Information given:
-- -- --
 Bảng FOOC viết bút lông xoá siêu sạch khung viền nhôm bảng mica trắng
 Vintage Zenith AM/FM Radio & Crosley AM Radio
-- -- --
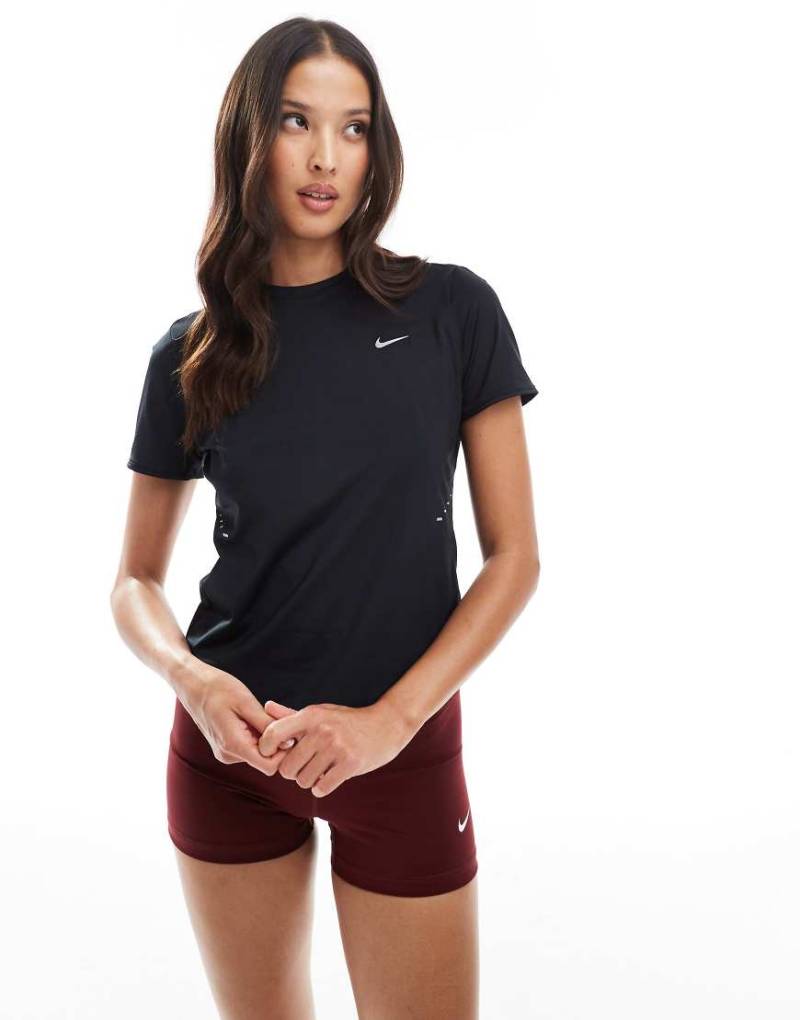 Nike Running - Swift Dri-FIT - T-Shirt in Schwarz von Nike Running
-- -- --
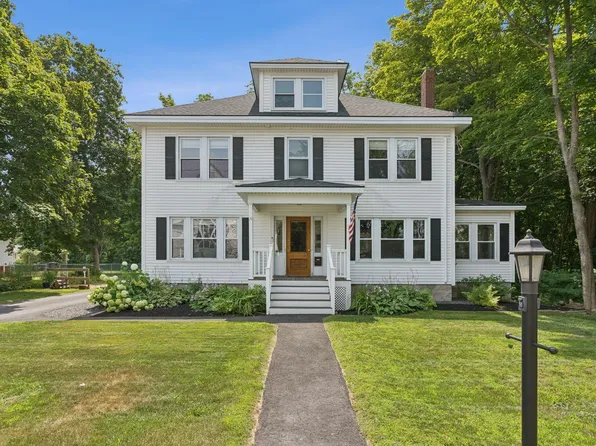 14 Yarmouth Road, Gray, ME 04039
-- -- --
Work request:
Take the listing above and repeat exactly the lines from the one containing "Bảng FOOC viết" through the one containing "Vintage Zenith AM/FM", both included.

Output of the task:
 Bảng FOOC viết bút lông xoá siêu sạch khung viền nhôm bảng mica trắng
 Vintage Zenith AM/FM Radio & Crosley AM Radio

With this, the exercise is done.